- Directions for this task: The lines to reproduce from the material below are those from the one containing "The next thing" through the one containing "This is by far", both included; write them out exactly and add nothing.
----
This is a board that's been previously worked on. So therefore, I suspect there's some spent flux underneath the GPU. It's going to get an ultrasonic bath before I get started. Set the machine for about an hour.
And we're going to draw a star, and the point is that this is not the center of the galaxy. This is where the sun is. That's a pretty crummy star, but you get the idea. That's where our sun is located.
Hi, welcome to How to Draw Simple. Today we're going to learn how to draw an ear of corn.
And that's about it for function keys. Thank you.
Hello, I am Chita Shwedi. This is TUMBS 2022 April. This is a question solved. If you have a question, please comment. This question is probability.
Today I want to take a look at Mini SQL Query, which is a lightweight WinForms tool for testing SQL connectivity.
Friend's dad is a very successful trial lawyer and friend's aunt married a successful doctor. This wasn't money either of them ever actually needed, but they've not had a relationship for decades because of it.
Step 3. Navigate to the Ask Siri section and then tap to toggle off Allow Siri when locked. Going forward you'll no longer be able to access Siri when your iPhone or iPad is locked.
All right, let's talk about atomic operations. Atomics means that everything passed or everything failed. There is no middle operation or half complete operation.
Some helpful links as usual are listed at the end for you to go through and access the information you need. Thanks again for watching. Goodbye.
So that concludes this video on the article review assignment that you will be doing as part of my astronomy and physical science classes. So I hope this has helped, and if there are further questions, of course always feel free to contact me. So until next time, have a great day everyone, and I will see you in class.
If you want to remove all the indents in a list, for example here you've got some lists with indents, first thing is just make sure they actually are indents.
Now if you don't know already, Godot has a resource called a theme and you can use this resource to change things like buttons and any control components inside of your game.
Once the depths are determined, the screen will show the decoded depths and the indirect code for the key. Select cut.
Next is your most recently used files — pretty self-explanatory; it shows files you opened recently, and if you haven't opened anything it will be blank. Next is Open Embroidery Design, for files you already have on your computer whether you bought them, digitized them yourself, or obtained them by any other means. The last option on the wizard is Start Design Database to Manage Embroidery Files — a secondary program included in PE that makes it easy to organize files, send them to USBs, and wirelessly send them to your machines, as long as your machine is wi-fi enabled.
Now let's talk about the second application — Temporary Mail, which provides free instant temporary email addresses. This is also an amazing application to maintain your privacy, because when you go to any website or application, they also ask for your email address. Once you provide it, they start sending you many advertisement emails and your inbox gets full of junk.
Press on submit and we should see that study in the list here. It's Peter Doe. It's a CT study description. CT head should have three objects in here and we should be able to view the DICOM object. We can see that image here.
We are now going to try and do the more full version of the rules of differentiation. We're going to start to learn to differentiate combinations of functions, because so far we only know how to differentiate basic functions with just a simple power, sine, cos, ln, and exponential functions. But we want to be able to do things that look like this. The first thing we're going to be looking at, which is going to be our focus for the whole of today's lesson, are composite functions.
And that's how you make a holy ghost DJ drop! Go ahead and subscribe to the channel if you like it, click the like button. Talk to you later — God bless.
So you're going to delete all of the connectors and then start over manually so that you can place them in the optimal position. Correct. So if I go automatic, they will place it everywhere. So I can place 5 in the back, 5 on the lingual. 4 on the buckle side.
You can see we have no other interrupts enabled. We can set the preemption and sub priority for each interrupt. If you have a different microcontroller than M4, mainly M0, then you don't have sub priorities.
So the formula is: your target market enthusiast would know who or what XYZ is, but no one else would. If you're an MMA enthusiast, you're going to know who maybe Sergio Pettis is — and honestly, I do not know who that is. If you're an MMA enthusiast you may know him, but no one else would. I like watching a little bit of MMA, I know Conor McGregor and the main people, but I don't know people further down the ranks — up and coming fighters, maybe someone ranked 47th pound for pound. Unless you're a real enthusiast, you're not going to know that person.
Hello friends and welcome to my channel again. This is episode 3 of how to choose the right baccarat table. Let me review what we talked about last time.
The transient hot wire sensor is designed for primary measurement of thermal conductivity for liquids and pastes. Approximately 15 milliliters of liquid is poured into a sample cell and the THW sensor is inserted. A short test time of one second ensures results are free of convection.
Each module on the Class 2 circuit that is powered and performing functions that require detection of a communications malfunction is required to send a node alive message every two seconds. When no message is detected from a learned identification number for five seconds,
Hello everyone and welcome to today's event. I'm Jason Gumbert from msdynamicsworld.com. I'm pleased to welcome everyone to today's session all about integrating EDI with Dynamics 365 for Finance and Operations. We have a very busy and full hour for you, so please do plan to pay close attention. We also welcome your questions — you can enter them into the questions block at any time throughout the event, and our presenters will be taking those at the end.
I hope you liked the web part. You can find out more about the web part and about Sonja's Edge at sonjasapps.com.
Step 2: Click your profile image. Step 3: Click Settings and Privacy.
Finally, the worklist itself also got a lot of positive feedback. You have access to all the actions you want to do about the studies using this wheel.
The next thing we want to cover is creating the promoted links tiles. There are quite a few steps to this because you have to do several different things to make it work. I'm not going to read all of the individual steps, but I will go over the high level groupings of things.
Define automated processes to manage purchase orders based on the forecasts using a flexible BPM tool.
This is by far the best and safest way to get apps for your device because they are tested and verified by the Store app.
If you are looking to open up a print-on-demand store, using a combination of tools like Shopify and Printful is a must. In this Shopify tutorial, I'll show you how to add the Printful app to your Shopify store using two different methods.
----
- Worked solution:
The next thing we want to cover is creating the promoted links tiles. There are quite a few steps to this because you have to do several different things to make it work. I'm not going to read all of the individual steps, but I will go over the high level groupings of things.
Define automated processes to manage purchase orders based on the forecasts using a flexible BPM tool.
This is by far the best and safest way to get apps for your device because they are tested and verified by the Store app.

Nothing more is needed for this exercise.